Thiago Sus Sobral de Almeida

No atual cenário de imaginário punitivista, em que a moral substitui o Direito e em que os fins justificam os meios, é preciso esclarecer que não advogo em favor de uma "bandidolatria" ou de um "democídio", mas da conservação de direito e de garantia fundamentais positivados em documentos que regem o ordenamento jurídico brasileiro, inclusive em âmbito internacional.

terça-feira, 30 de janeiro de 2018

Atualizado em 29 de janeiro de 2018 08:27

No Brasil, a magistratura penal de primeiro grau vem impondo, via de regra, o recolhimento domiciliar no período noturno e nos feriados e finais de semana (medida cautelar diversa da prisão) aos acusados em geral, mesmo quando se apura crime sem violência, grave ameaça ou emprego de outro meio que torne impossível a resistência da vítima.

Refiro-me aqui - e é interessante deixar claro - às decisões judiciais que têm, com facilidade, desconsiderado a ausência de antecedentes criminais e de personalidade voltada para o crime e/ou o comportamento exemplar - imaculado e sem nódoa - do indivíduo (investigado ou processado pelo órgão acusatório) no seio da sociedade em que vive.

A acenada medida cautelar, que restringe a liberdade de locomoção do seu destinatário, está prevista no inciso V do artigo 319 do CPP1 e é recomendada por cautela quando, da análise da natureza do delito investigado e do próprio caso concreto, exsurge risco social ou de reiteração na prática delitiva averiguada ("periculum libertatis").

A Constituição da República assegura em seu artigo 5º, inciso XV, que: "é livre a locomoção no território nacional em tempo de paz, podendo qualquer pessoa, nos termos da lei, nele entrar, permanecer ou dele sair com seus bens", disponibilizando o "habeas corpus" sempre que houver violência ou coação a esse direito por ilegalidade ou abuso de poder (inciso LXVIII).

O Pacto de San José da Costa Rica2, em tema de proteção ao "status libertatis" do indivíduo, estabelece, em seu artigo 7º, n.º 2, que: "Ninguém pode ser privado de sua liberdade física, salvo pelas causas e nas condições previamente fixadas pelas Constituições políticas dos Estados-partes ou pelas leis de acordo com elas promulgadas".

Já dizia Paulo Queiroz ("In" Direito penal.
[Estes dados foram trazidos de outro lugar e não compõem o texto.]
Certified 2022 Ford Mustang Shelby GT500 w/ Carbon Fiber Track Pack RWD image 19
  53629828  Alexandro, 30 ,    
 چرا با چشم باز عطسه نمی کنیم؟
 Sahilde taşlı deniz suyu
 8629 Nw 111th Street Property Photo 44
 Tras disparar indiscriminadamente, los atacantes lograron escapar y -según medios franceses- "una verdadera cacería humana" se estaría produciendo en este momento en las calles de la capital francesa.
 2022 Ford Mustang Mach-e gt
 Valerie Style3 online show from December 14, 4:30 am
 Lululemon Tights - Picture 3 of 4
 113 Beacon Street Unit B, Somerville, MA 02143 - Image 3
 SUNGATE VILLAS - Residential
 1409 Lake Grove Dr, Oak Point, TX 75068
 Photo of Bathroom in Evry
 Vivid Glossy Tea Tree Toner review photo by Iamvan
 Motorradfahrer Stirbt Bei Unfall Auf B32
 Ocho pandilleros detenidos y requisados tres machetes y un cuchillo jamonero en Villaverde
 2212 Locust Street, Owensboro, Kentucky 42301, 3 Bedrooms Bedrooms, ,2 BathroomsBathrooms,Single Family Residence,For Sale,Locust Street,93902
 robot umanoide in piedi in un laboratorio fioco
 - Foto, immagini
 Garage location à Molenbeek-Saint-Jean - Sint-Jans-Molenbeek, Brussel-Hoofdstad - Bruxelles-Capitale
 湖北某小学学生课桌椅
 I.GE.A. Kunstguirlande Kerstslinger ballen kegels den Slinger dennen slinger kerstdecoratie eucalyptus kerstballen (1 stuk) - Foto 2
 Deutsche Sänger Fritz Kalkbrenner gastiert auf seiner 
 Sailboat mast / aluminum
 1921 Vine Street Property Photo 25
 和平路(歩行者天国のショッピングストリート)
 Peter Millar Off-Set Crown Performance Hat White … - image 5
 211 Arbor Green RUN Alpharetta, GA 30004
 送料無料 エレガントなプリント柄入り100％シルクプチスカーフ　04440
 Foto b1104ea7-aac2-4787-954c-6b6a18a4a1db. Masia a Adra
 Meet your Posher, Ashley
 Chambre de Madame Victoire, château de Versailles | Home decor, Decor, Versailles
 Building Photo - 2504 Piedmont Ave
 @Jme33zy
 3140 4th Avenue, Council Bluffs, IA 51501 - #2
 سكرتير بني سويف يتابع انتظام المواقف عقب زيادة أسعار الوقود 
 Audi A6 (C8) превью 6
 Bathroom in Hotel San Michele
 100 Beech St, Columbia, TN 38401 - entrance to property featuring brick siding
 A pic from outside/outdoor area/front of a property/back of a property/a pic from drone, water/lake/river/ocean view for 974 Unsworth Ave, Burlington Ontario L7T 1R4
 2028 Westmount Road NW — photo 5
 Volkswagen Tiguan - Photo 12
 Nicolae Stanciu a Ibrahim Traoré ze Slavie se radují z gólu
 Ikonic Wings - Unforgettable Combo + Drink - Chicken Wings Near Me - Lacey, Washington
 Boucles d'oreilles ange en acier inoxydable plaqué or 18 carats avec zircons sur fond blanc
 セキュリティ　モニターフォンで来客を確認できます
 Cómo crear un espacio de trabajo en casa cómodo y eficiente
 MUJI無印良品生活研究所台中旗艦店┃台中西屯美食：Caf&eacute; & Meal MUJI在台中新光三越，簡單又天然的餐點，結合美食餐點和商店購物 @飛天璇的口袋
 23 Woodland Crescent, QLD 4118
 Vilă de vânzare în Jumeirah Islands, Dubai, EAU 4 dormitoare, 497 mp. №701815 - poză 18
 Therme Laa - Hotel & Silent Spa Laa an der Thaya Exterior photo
Introdução crítica. São Paulo: Saraiva, 2001. p. 17/18) que os valores abrigados pela "Lex Fundamentalis", tais como a liberdade, a segurança, o bem-estar social, a igualdade e a justiça, são de tal grandeza que o Direito Penal jamais lhes poderia virar as costas, pois são o norte do legislador na seleção dos bens tidos como fundamentais.

O STJ tem exigido, para a aplicação das medidas cautelares diversas da prisão, fundamentação judicial específica que demonstre a real necessidade e a razoável adequação da medida em relação ao caso concreto (HC 399.099/SC, rel. ministro Nefi Cordeiro, Sexta Turma, julgado em 21/11/2017, DJe 01/12/2017).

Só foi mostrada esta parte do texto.